Prokofiev and Shostakovich, yes. Barber, possibly (although I've seen the term Neoromantic used as well). Adams (along with all other minimalists/post-minimalists) is considered Postmodern, which is even more poorly defined than Modernism, but seems to have something to do with the difference between Carter and Ligeti, Barber and Reich.


----------



## arpeggio (Oct 4, 2012)

*Planet of Atonality*

I had in interesting experience a few year ago at work. I met an African-American gentleman who was very active at singing with his church choir. He discovered that I was an amateur musician and we use to have general discussions about music. It was along the lines of talking about the various groups we performed with and how much fun we had. He had a great voice and I went to a few of his concerts. His high school choir had a reunion and performed Randall Thompson's _Testament of Freedom_. He recruited me to play with the orchestra.

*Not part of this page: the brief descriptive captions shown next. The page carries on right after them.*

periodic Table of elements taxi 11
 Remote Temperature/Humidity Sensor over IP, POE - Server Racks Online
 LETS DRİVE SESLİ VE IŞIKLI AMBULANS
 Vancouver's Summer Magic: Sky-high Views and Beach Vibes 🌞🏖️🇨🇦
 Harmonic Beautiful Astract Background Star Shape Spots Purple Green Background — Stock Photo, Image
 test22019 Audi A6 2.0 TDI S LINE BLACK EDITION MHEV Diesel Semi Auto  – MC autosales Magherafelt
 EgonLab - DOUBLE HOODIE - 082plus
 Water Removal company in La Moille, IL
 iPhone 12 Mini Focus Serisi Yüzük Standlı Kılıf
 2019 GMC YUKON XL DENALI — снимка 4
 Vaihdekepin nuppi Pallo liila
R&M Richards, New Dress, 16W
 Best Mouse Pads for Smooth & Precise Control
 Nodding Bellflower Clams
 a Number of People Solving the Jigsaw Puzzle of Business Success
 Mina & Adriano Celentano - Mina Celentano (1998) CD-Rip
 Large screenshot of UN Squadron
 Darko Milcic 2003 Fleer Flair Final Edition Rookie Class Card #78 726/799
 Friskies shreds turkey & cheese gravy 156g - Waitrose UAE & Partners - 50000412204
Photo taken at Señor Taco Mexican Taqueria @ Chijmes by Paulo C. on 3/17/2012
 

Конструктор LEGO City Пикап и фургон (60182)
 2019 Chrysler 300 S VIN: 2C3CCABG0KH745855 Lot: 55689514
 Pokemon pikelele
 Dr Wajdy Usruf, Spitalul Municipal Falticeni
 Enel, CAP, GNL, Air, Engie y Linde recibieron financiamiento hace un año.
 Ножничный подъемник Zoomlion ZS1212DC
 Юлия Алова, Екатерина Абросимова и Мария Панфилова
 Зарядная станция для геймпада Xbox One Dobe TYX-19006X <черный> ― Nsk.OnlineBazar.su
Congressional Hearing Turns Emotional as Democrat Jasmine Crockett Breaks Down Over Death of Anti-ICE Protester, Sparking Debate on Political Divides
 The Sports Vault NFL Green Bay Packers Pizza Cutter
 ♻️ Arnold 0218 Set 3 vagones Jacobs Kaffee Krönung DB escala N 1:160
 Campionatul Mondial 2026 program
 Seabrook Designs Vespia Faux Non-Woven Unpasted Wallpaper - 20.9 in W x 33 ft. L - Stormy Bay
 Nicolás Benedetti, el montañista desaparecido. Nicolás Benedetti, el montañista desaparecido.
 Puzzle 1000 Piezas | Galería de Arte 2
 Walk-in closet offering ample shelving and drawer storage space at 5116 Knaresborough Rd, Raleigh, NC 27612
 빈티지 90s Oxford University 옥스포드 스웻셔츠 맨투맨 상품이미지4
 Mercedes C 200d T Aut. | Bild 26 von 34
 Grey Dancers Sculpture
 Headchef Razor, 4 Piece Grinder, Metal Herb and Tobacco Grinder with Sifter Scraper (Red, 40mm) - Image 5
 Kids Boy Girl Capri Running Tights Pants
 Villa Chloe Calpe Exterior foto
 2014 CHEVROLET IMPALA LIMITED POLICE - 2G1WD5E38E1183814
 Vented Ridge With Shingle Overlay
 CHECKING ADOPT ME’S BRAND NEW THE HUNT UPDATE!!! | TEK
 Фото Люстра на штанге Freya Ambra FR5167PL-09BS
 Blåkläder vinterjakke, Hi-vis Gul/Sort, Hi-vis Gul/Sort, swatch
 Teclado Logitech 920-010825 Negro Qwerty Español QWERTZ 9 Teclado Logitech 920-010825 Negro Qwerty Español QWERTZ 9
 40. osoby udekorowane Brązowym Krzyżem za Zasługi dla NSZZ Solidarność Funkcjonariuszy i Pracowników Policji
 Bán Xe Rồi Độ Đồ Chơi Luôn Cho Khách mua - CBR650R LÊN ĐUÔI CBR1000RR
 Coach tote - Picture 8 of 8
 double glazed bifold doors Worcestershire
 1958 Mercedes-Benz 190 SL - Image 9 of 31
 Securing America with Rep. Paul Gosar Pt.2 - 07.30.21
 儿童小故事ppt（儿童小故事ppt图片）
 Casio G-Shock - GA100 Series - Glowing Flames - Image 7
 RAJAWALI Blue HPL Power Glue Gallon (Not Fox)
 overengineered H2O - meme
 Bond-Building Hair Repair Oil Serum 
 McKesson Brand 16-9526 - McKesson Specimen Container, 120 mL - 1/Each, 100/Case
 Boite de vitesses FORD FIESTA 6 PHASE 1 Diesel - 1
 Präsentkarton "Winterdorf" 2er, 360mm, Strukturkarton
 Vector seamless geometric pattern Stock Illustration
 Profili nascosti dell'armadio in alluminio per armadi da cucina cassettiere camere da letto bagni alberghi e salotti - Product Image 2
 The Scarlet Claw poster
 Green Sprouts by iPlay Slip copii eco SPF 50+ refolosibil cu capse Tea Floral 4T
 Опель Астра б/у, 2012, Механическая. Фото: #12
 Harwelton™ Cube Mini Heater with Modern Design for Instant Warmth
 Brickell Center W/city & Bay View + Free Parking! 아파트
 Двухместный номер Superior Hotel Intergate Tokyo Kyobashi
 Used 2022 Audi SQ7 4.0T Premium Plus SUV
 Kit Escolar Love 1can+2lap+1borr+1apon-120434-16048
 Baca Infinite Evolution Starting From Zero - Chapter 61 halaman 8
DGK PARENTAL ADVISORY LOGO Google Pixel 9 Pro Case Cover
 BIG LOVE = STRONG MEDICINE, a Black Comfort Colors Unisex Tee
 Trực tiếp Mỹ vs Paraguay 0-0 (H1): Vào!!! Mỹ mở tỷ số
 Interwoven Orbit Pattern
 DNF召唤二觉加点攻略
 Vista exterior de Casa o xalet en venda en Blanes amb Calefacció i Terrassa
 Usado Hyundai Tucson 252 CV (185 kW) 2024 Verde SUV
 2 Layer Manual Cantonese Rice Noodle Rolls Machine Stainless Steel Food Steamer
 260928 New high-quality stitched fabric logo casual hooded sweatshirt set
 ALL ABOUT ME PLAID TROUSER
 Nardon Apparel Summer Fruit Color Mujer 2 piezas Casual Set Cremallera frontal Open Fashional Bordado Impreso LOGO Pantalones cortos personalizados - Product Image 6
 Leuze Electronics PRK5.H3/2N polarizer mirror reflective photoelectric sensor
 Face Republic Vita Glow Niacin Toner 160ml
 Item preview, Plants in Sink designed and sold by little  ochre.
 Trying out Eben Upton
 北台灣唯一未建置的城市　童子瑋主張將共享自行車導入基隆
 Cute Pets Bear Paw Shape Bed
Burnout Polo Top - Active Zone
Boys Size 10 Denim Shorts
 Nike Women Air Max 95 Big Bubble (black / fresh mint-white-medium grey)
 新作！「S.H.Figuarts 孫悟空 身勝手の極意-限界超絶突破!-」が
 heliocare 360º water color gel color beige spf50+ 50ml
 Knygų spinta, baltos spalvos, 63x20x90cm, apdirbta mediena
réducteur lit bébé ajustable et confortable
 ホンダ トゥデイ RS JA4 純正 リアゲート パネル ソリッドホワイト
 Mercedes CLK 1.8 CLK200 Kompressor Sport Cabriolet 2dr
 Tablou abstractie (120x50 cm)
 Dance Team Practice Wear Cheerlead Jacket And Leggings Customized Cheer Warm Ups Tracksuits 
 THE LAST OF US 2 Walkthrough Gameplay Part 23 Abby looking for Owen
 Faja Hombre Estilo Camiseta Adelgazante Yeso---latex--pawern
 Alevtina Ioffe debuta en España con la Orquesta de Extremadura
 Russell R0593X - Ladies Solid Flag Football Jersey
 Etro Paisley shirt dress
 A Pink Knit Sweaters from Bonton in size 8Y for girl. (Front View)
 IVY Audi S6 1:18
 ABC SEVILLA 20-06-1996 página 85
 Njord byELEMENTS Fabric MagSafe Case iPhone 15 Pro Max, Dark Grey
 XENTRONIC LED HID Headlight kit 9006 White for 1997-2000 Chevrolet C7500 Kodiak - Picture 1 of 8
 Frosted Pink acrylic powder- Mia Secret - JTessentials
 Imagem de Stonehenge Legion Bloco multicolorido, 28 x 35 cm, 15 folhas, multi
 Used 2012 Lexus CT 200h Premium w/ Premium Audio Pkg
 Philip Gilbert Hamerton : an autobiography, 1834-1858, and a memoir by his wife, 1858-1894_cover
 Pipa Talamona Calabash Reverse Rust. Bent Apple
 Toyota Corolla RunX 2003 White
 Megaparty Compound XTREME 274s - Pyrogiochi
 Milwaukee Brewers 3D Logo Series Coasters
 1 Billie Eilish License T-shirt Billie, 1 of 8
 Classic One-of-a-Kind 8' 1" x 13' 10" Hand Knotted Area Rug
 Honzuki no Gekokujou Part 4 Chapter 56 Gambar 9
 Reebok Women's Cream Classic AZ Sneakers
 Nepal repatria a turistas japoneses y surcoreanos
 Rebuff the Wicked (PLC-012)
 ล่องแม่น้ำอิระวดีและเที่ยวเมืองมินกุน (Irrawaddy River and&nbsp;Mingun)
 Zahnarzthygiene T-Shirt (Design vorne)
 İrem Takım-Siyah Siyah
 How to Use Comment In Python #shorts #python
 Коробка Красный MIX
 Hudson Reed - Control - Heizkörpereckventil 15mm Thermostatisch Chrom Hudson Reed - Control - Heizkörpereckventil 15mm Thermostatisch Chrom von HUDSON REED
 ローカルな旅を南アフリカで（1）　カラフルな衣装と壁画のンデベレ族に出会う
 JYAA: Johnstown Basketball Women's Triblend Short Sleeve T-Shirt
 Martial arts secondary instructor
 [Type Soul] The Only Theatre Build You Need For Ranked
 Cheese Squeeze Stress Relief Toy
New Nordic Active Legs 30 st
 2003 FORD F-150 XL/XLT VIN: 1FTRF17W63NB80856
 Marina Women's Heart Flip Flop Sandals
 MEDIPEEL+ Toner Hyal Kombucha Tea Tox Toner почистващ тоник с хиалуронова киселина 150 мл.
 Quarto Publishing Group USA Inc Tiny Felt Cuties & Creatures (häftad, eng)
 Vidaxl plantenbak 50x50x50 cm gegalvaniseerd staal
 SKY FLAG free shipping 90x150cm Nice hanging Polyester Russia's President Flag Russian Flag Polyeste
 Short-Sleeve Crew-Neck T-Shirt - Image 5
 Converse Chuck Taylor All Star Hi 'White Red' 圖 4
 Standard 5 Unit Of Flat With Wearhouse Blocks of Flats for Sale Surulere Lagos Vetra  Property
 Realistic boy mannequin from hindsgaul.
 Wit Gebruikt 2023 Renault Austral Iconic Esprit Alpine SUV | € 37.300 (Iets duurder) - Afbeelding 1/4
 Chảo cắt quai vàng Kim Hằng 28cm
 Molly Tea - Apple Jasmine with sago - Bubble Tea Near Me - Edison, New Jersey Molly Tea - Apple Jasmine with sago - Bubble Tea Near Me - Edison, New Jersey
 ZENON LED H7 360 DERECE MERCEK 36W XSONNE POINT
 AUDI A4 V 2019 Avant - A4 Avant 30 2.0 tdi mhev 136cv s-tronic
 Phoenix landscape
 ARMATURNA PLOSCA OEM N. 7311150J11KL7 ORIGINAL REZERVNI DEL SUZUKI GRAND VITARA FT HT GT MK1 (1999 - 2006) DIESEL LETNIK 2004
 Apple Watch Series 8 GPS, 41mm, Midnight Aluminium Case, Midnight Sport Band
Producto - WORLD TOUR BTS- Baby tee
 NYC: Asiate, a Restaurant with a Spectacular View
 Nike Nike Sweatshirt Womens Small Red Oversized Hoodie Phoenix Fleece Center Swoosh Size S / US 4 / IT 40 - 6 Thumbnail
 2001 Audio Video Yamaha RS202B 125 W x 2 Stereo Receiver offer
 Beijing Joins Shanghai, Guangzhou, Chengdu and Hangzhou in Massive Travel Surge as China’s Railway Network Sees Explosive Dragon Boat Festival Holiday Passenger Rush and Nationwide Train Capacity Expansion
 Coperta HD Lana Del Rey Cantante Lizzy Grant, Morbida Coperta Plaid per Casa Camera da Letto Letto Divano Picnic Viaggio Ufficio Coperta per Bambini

During one of our discussions I mentioned that there were African-Amercan classical composers. He never heard of such of thing. So I loaned him some recordings including music of William Grant Still.

His favorite was the _Sinfonia_ by Olly Wilson, a 12-tone work. It was the most dramatic and reminded him of the soundtrack to _Planet of the Apes_.


----------



## Guest (Jan 8, 2013)

The word tonality in music theory refers to a system.

The word atonality refers to what? There's no "it" out there for it to refer to. Hence my little example of taxonomy: canines and acanines. Canines is useful. There are creatures out there who have certain similarities, who despite all their differences, and there are many, are clearly part of the same group. Poodles and St. Bernards. Timber wolves and Chihuahuas. But what the hell's an "acanine"?

This is not so much about diction and terminology as it is about usefulness. In the real conversations that you can read online, "atonal" can refer to practically anything (including "not in a key," which is probably as useful as it gets). Undefined and undefinable, it is of course immensely useful for people who want to damn large swaths of music without really knowing anything about individual pieces. Like little kids hating "vegetables." As if....

Of course, it's also true that tonal pieces vary quite a lot from each other. Give it a try. Listen to some Monteverdi madrigals. Then listen to a Wagner opera. Listen to some Vivaldi mandolin concertos. Then listen to a Berlioz symphony.

Then put some Nielsen on, why not? Or some Britten.

People who want to damn thoughtlessly really like vague terms and broad categories. And so we will always have arguments about "atonality" as well as "young people" and "Muslims" and "politicians." Anything to avoid getting down to specifics. "Women" are all.... (But what about Sarah? She's not like that at all.) "Modernist ideologues" are all.... (But what about some guy? He's not like that at all.)

And so it goes.


----------



## millionrainbows (Jun 23, 2012)

some guy said:


> Tonality is a system. It is a way of manipulating pitches. It is a way of managing pitches both in their horizontal (melody) and vertical (harmony) dimensions.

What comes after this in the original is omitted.